On me dira peut-être que c'est la lecture qu'en fait la presse et que les études ne sont pas aussi caricaturales. Pourtant, l'article en question soulève de gros problèmes de méthodologie. On peut aussi se reporter à ce post sur Sociological Images où l'on apprend qu'une recherche censée avoir démontré que le cerveau des bébés garçons étaient différents de celui des bébés filles a complètement sur-interprété les résultats : d'une petite différence statistique, sur laquelle il faudrait s'interroger en terme de significativité, on construit une opposition totale et binaire.

Bref. Le fait est que ce type de recherche jouit d'une audience médiatique qui ferait rêver la plupart des chercheurs dans les sciences humaines et sociales. En fait, il y a relativement peu de façons d'attirer plus l'œil médiatique : je pense que ça se classe quelque part entre les études sur les bienfaits du chocolat et les robots. Comment expliquer la séduction exercé par cette évolutionnisme un brin simpliste - d'autant plus qu'il est incontestable que le traitement médiatique ajoute à la simplification originelle une couche supplémentaire d'essentialisme basique ?

Une première façon de répondre est de noter la cohérence de ces "conclusions" avec la perception la plus courante des hommes et des femmes malgré des décennies de féminisme plus ou moins affirmé, ainsi que les intérêts qu'elles protègent du point de vue des hommes : ce n'est pas pour rien que les sociologues américains utilisent si souvent le terme "patriarchie". Je ne vais pas re-documenter la façon dont toute la société ne cesse de nous répéter que garçons et filles sont non seulement différents mais en plus radicalement opposés. Reportez-vous à vos boîtes de céréales si vous avez des doutes. Ou regardez cette vidéo pour un nouveau soda light vendu aux Etats-Unis (qui devrait nous être épargné, contrairement à ce summun du bon goût que sont les publicités pour Coca Zéro) :



Mais il y a peut-être autre chose. Car la question est de savoir pourquoi ces explications naturalisantes, c'est-à-dire qui rapportent les différences de genre à des différences de nature, ont plus de succès que les explications qui se rapportent à la culture et aux institutions sociales. Pour essayer de le comprendre, reportons-nous à un article de Gérald Bronner consacré, justement, aux résistances au darwinisme. Cela peut sembler étonnant dans la mesure où il s'agit justement ici d'expliquer un tropisme pour celui-ci, mais ce sont dans les difficultés à bien saisir le sens même du darwinisme qui sont à l'origine des deux problèmes.

Bronner n'a pas voulut étudier les résistances les plus frontales au darwinisme, celles des religieux et des créationnismes (comme on dit de par chez moi : kif-kif bourricot), souvent prêtés avec un certain mépris aux Américains.
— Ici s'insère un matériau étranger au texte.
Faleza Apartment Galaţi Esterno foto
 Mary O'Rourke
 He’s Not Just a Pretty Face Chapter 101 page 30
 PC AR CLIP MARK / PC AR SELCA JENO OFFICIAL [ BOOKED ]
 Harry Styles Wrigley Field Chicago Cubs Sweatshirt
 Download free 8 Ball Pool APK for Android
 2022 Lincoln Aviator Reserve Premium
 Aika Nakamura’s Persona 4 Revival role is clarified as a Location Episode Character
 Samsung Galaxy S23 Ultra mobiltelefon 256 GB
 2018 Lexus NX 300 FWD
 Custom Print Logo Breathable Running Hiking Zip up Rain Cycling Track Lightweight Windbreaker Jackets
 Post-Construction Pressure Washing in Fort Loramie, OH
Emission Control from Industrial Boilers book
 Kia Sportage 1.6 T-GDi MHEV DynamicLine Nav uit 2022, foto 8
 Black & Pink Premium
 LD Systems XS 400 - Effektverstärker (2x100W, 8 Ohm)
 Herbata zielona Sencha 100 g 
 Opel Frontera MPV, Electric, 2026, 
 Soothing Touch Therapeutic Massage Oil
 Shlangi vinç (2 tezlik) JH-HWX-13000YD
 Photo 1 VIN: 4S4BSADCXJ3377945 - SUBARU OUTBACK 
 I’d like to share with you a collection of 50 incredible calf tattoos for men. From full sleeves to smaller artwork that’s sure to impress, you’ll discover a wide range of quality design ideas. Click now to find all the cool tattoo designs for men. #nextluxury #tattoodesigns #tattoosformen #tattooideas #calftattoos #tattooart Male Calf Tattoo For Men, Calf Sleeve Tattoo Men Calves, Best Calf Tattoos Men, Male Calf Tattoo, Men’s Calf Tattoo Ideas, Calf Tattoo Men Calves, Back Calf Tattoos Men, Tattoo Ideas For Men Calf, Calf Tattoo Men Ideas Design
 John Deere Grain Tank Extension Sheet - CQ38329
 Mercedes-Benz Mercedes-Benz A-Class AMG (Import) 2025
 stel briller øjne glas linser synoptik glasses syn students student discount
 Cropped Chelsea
Il s'est plutôt tourné vers l'Europe et vers des personnes qui, a priori, avaient plutôt tendance à adhérer aux thèses darwiniennes et à la science. Il a mené avec celles-ci des entretiens tournant autour de la résolution d'une petite énigme qu'il leur donnait à lire et pour laquelle les enquêtés devaient proposer des solutions. Voici l'énigme ainsi que sa solution :

« À l’état sauvage, certains éléphanteaux sont porteurs d’un gène qui prévient la formation des défenses. Les scientifiques ont constaté récemment que de plus en plus d’éléphanteaux naissaient porteurs de ce gène (ils n’auront donc pas de défenses devenus adultes). Comment expliquez cette situation ? »
En fait, ce mystère a été révélé et résolu par le professeur Zhang Li, zoologue à l’université de Pékin, qui a mené ses recherches depuis 1999 dans une réserve naturelle dans la région du sud-ouest de Xishuangbanna, où vivent les deux tiers des éléphants d’Asie chinois (la Chine est l’une de 160 nations qui ont signé un traité en 1989 interdisant le commerce de l’ivoire et des produits d’autres animaux en voie d’extinction ou menacés de l’être).
Les braconniers ne tuant pas les éléphants sans défenses (ceux-ci n’ont aucune valeur marchande pour eux), explique-t-il, ces mutants sont plus nombreux dans la population et le gène qui prévient la formation des défenses se propage parmi les éléphants. Alors que ce gène se trouve habituellement chez 2 à 5 % des éléphants d’Asie, on le trouve, à présent, chez 5 à 10 % de la population des éléphants Chinois. Cette « énigme », comme on le voit, peut être facilement résolue si l’on mobilise le programme darwinien.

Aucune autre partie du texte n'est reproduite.